Job stagnation has been accompanied by net outmigration of taxpayer income. Back in 2023, I examined IRS taxpayer data and found that MoCo has seen escalating levels of taxpayer income net flight, draining the county’s income tax base. There are still folks moving in, but here’s the thing – the people moving in make less than the people moving out. I found the same phenomenon at the state level a year ago and the net flight is concentrated among the wealthy. This long-term interaction between employment stagnation and tax flight is a toxic stew that has been brewing for a looooong time.
It does not brew in isolation. Over time, the county’s economic problems have infected its budgets. Believe it or not, tax increases were once uncommon in MoCo. In the 13 years between FY11 and FY24, the county did not raise its energy tax or its income tax (which was then at the state maximum) and the county council broke the charter limit to raise property taxes only once (in FY17). Now county leaders discuss tax increases almost every year, raising three different taxes in FY24 and repealing the $692 Income Tax Offset Credit received by three-quarters of the county’s homeowners this year. As if that is not enough, county leaders resorted to (allegedly) one-time maneuvers like diverting retiree healthcare money and grabbing cash from the capital budget to subsidize ongoing operating expenditures. The result is this year’s infamous Kicking the Can budget, which imposed a large tax increase on most homeowners while creating a nearly $300 million structural deficit for next year at the same time.

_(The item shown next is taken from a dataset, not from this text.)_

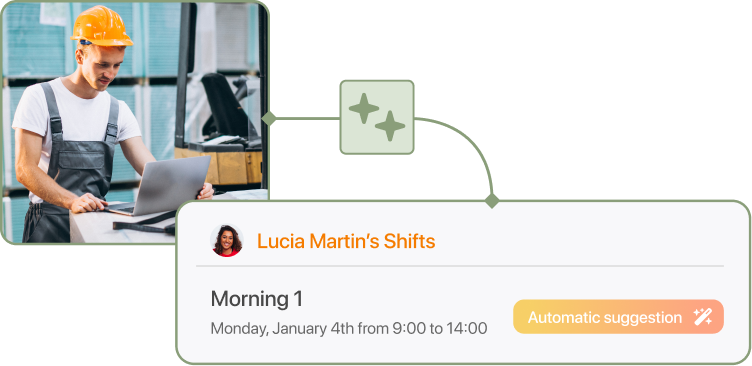 Captura de sugerencias planificacion Ia trabajador logistica industria EN en TramitApp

And what are we getting for this fiscal irresponsibility? MCPS, despite getting a $144 million increase on top of hundreds of millions of dollars more in recent years, has reacted to receiving 98.4% of its operating budget request (its historical average) by slashing more than 400 positions. A multibillion dollar infrastructure backlog has been mushrooming for many years with no plan to fix it. State budget problems in Annapolis will inevitably spill over onto the counties with renewed shift and shaft measures such as the teacher pension shift of yesteryear. County leaders can’t keep making the gold-plated promises of 20 years ago with the empty beggar’s cup of today’s economy. When will they finally realize it?
Looming over all of this is a potential charter amendment that would require a unanimous vote of council members to adopt an operating budget with growth exceeding the rate of inflation. Such a measure is a Sword of Damocles hanging over the heads of spendthrift county leaders. And yet, if the charter amendment gets enough signatures to head to the ballot, tax-shocked homeowners could very well approve it as an act of self-defense.

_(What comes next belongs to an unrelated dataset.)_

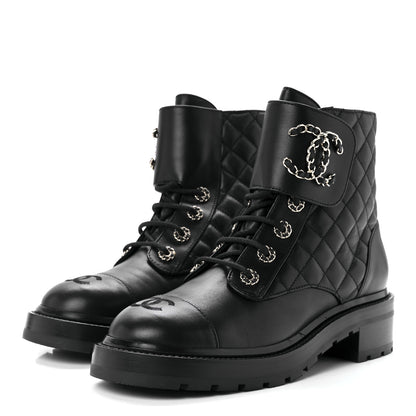 Chanel Shiny Lambskin Quilted Lace Up Combat Boots 39 Black 3 of 10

MoCo can still succeed. Our population is educated, ambitious and diverse. Our businesses can compete with anyone if they are allowed to do so. Our public schools are anchored by a talented workforce and continue to graduate some of the best and brightest students in the world. Our jurisdiction is also blessed with modest crime levels, beautiful neighborhoods, superior amenities and a relative lack of political corruption.
But time is running out for us. We must have leadership that taps our strengths, practices discipline, sticks to a doable list of priorities (like education and transportation) and above all focuses on economic competitiveness. There is no law of economics that holds that a prosperous jurisdiction will forever remain so. Tough choices await. But postponing tough choices creates an ever rising level of difficulty. It’s time to stop kicking the cans and build a Great Revival.
That is the challenge ahead. Will we meet it? Or will our decline become irreversible?